*About this task:*
Only the text belongs in the answer: every line of the records below, transcribed exactly.

Content starts

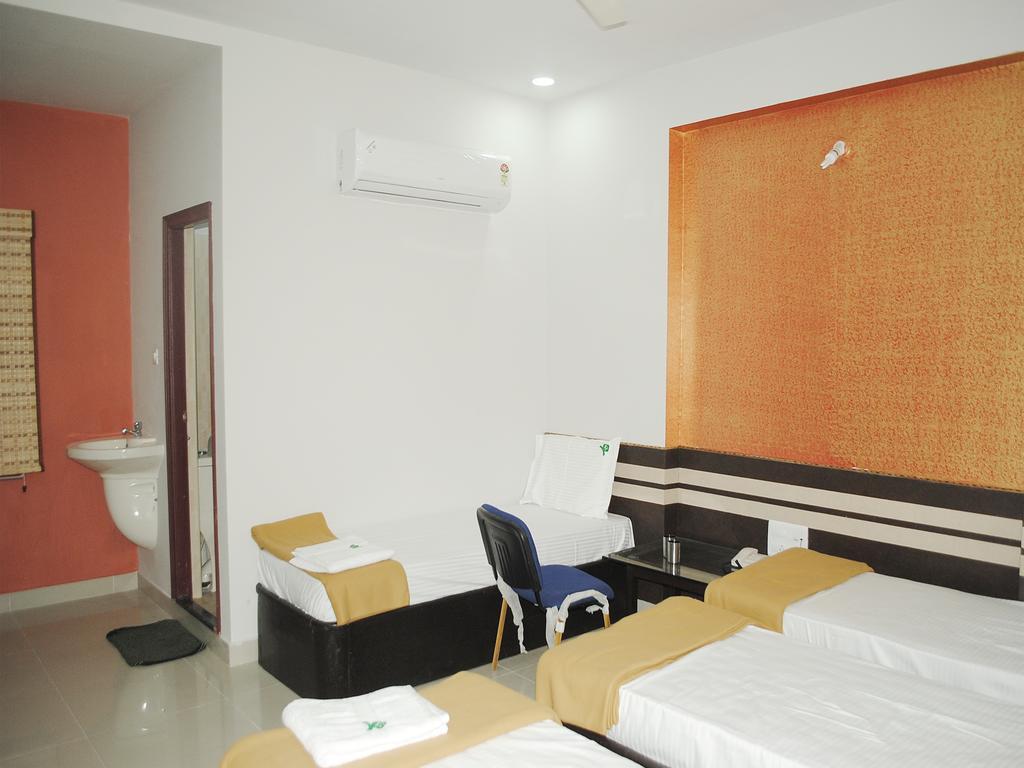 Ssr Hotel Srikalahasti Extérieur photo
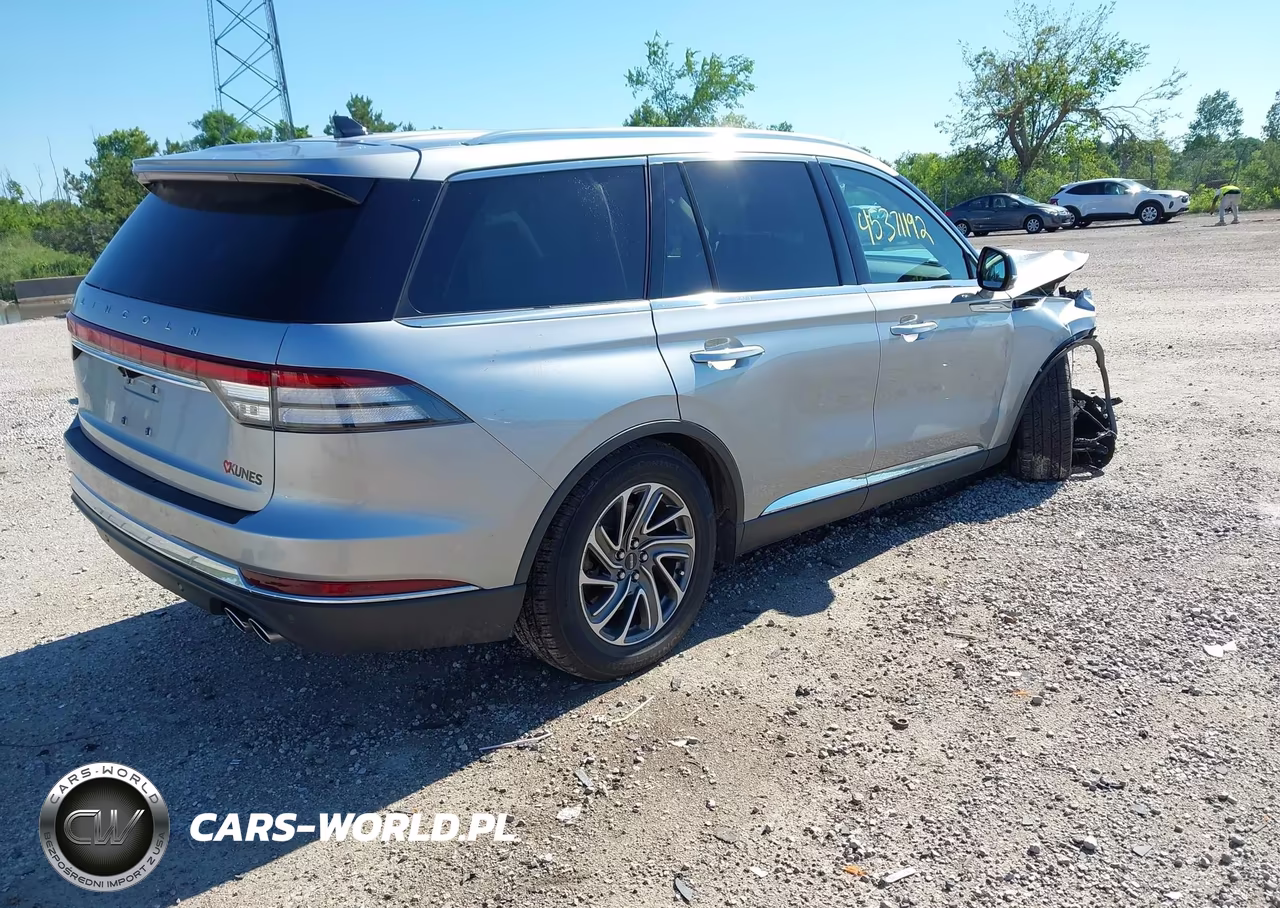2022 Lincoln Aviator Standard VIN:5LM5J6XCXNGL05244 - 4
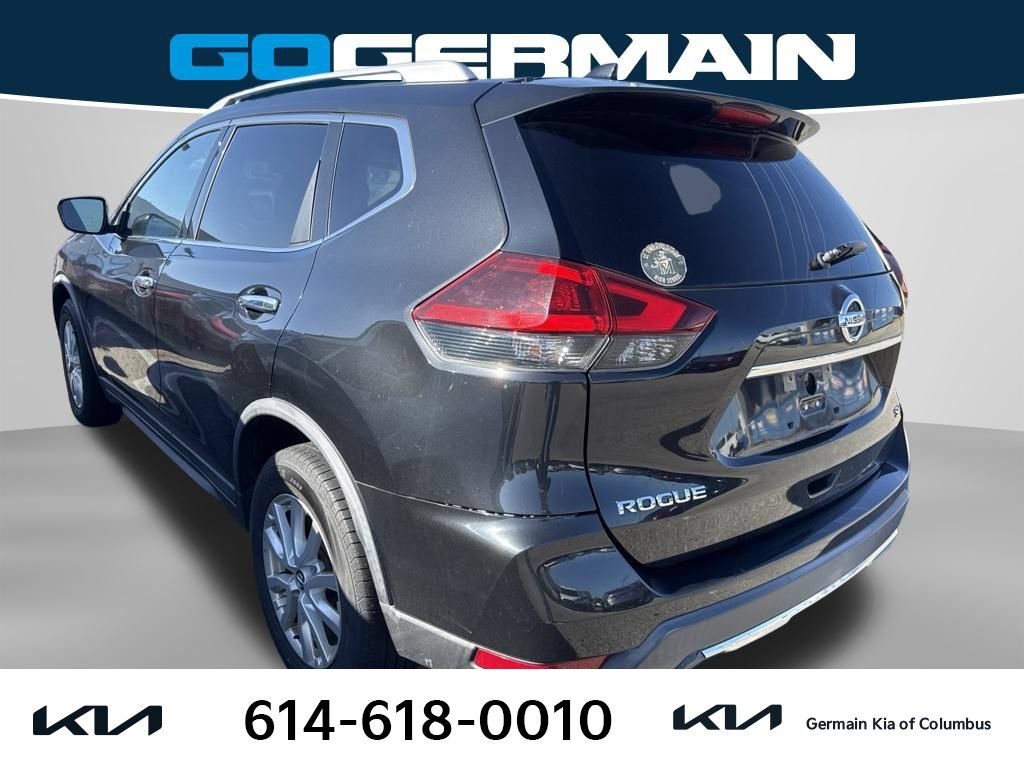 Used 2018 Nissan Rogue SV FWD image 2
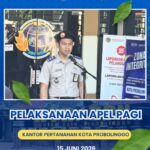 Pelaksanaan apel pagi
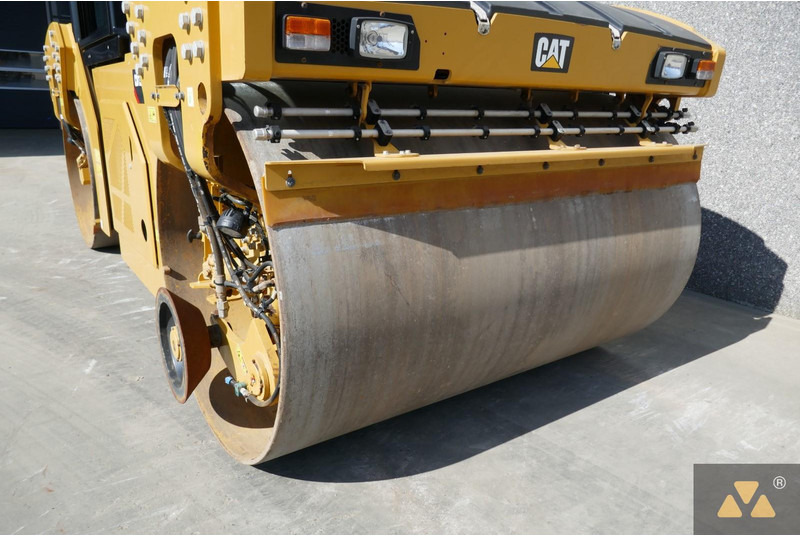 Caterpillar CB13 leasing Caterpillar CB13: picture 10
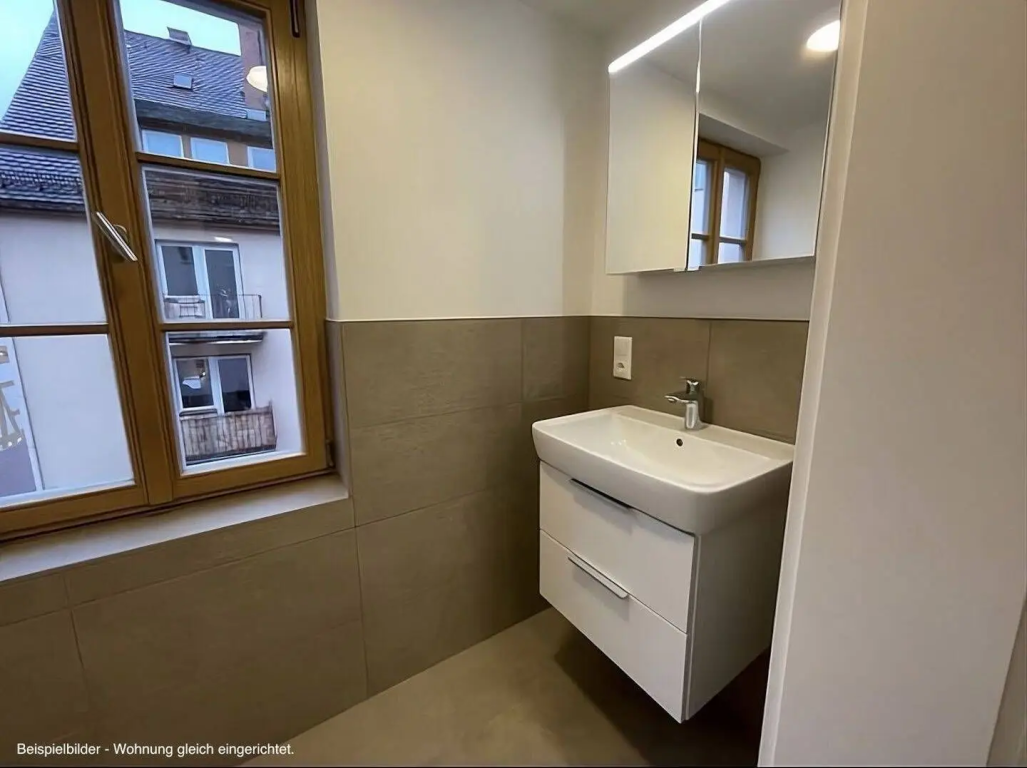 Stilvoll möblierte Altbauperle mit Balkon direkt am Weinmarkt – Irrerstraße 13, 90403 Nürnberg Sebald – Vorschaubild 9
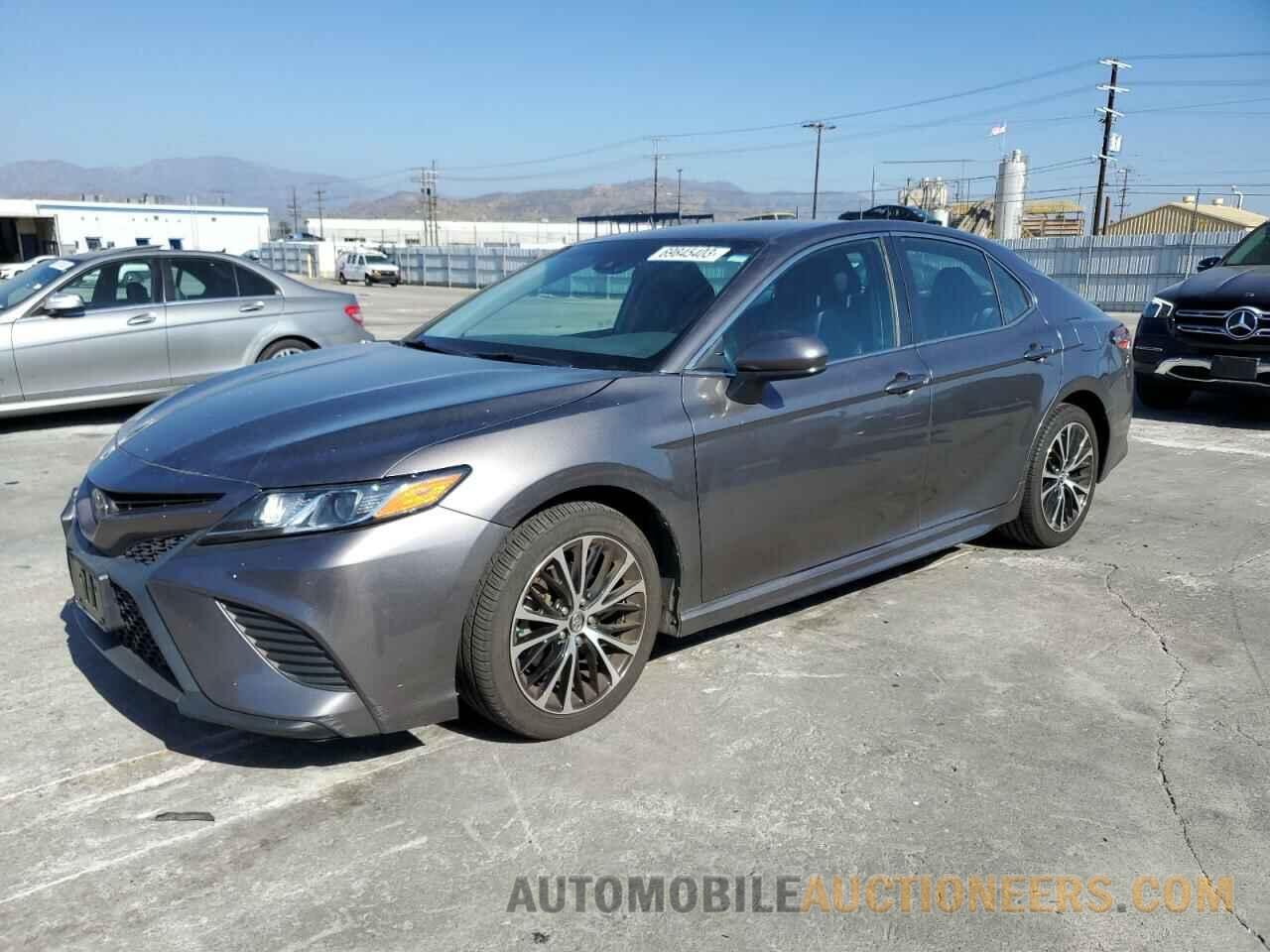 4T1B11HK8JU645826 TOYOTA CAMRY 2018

Content ends

*Response to this task:*
 Ssr Hotel Srikalahasti Extérieur photo
2022 Lincoln Aviator Standard VIN:5LM5J6XCXNGL05244 - 4
 Used 2018 Nissan Rogue SV FWD image 2
 Pelaksanaan apel pagi
 Caterpillar CB13 leasing Caterpillar CB13: picture 10
 Stilvoll möblierte Altbauperle mit Balkon direkt am Weinmarkt – Irrerstraße 13, 90403 Nürnberg Sebald – Vorschaubild 9
 4T1B11HK8JU645826 TOYOTA CAMRY 2018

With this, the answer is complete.